Dalamar bemerkte Tanis’ Blick und bewegte seine Hand unwillkürlich an seine Brust. Seine Augen wurden dunkel und gehetzt. »Ich kenne meine Grenzen, Halb-Elf«, sagte er leise. Dann lächelte er und zuckte die Achseln. »Ich will offen zu dir sein. Falls mein Meister die volle Kraft seiner Macht erreicht haben sollte, wenn er versucht, wieder durch das Portal zu kommen, dann kann ich ihn nicht aufhalten. Niemand könnte das. Aber das wird nicht der Fall sein. Er wird bereits einen Großteil seiner Macht verbraucht haben, wenn die Lakaien der Königin vernichtet sind. Er wird geschwächt und verletzt sein. Seine einzige Hoffnung ist, die Dunkle Königin auf seine Ebene herauszulocken. Hier kann er seine Kraft wiedererlangen, hier wird sie die Schwächere sein. Und folglich, ja, weil er verletzt sein wird, kann ich ihn aufhalten.

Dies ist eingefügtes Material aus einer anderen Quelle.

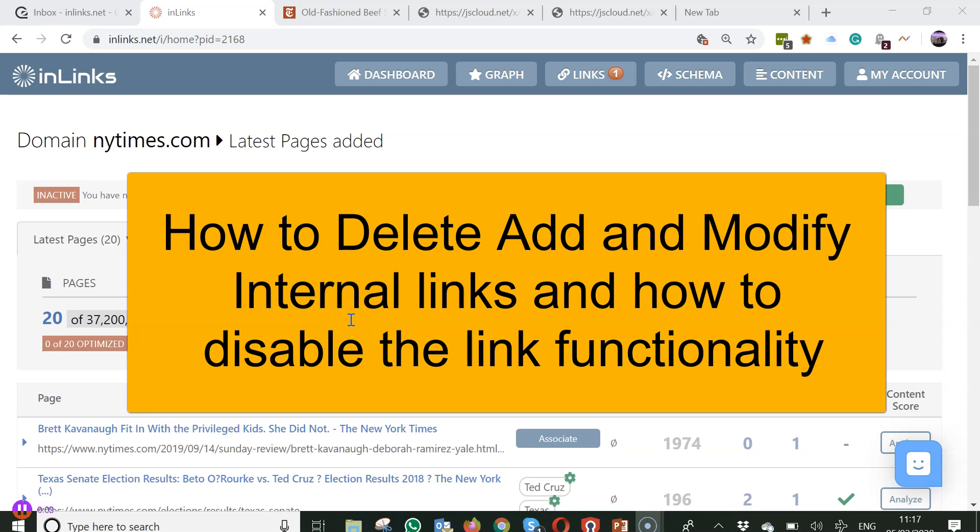I'm going to show you how to add, delete, or edit, or if you want,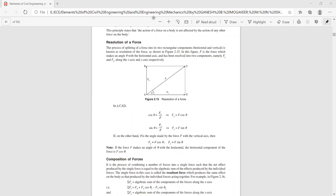Any clarification on this concept — anyone with doubts can ask freely. The key idea is that a given force is divided into two components along two mutually perpendicular directions. This concept will be very helpful in finding any unknown force in a given force system. When we take up numerical problems, we will understand this concept better.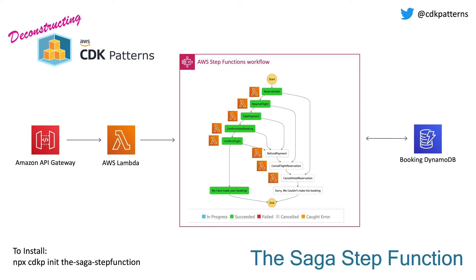Today on Deconstructing CDK Patterns, we are discussing the SAGA Step Function Pattern. Now SAGAs are not new, they've been around since 1987, but that means there's lots of great resources available. So they all still apply, this is just a serverless implementation of that pattern.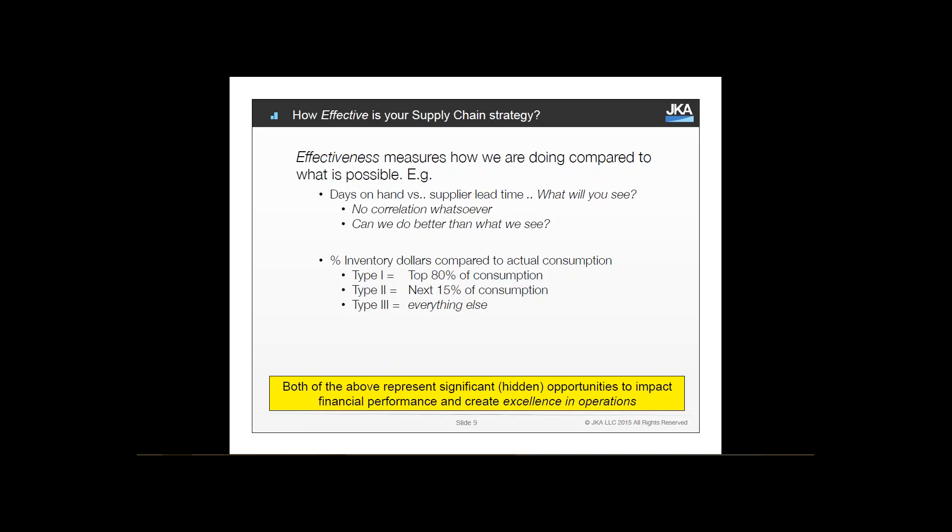One question to ask yourself is: how effective is your supply chain strategy? A measure I love to use is days on hand of a given item versus supplier lead time for that item. If you run that simple report out of your system, you will find that there is almost no correlation whatsoever between days on hand of material and supplier lead time of material. You'll see 37 days of supply for an item that has a supply lead time of three days, for example.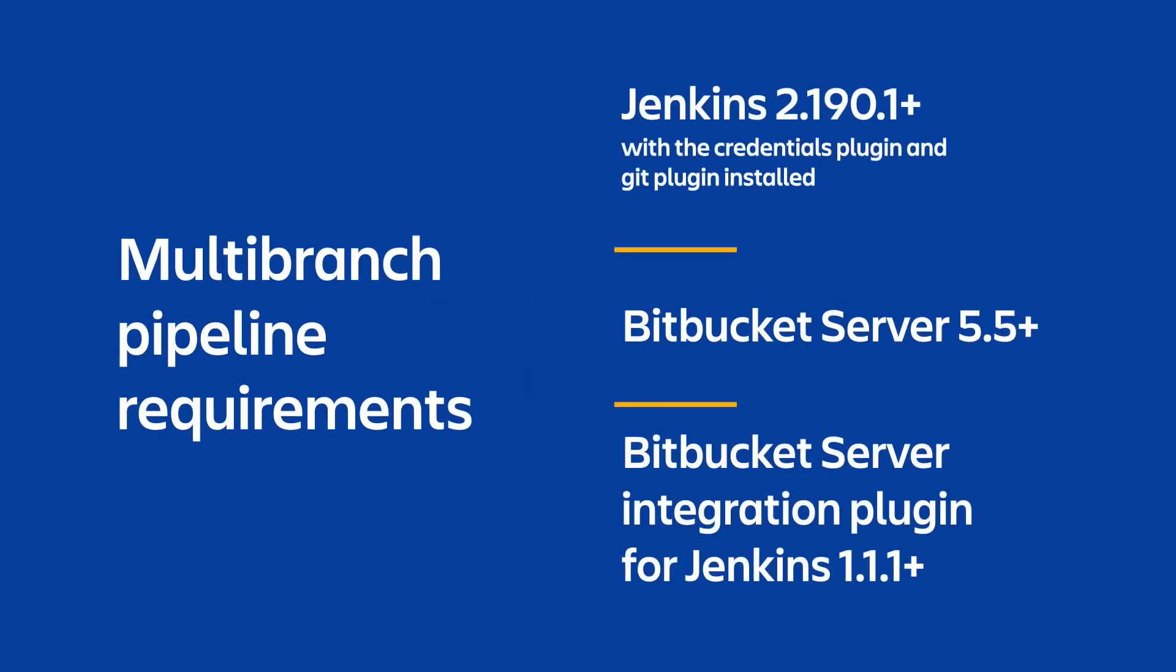To do this, you'll need these versions of Jenkins, Bitbucket Server, and the integrations plugin. You should also have added your Bitbucket Server instance to Jenkins, along with a personal access token and credentials. For info on how to do this, check out the linked video in the description.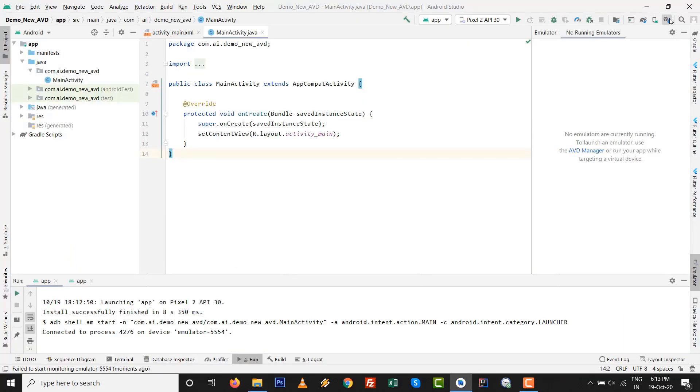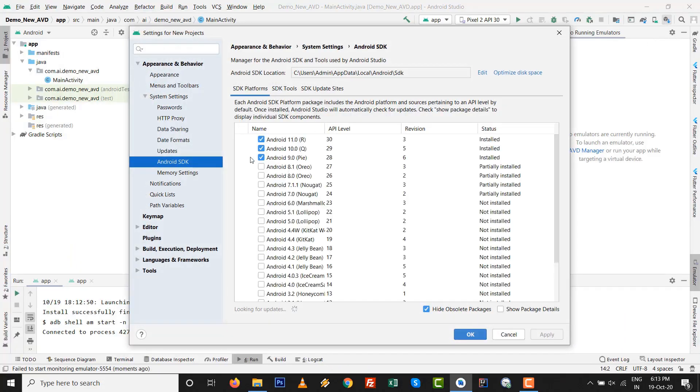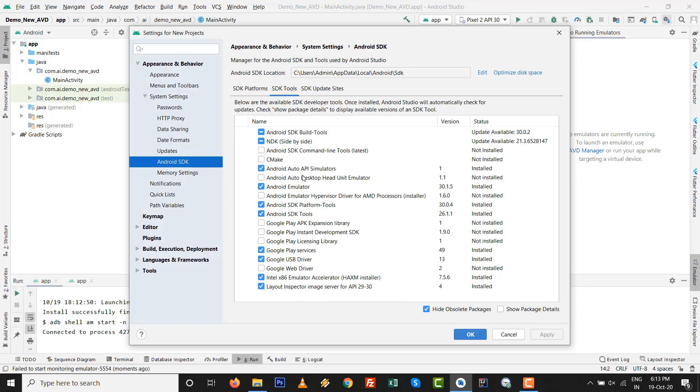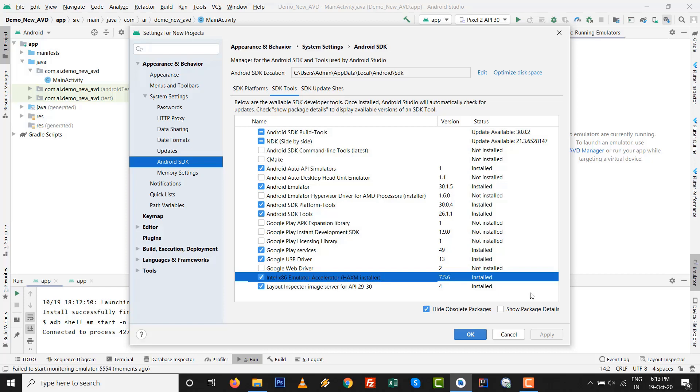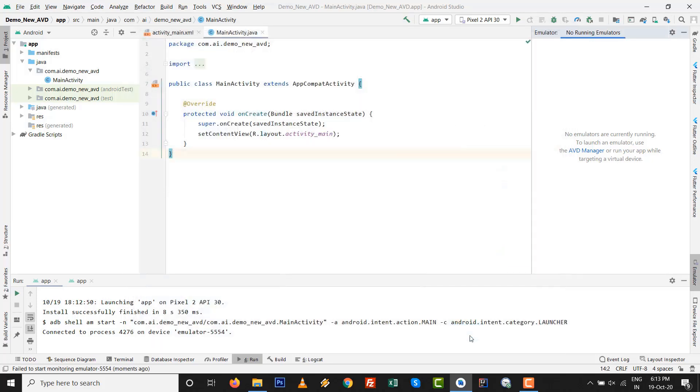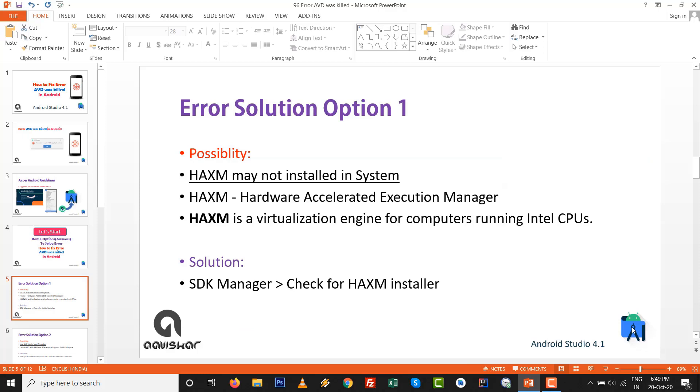Go to SDK manager on right top side, go to SDK tool and check whether Intel x86 Emulator HAXM is installed or not. If it is not installed, then please install it in the system and click on OK. Then it will be installed in your system. This is the first error solution option number one.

Und ja, ich werde ihn aufhalten!«
Als er den immer noch zweifelnden Blick Tanis’ sah, verzerrte sich Dalamars Lächeln. »Verstehst du, Halb-Elf«, sagte er kühl. »Mir wurde genug angeboten, so daß es die Mühe wert ist.« Damit verbeugte er sich, murmelte einen Zauberspruch und verschwand.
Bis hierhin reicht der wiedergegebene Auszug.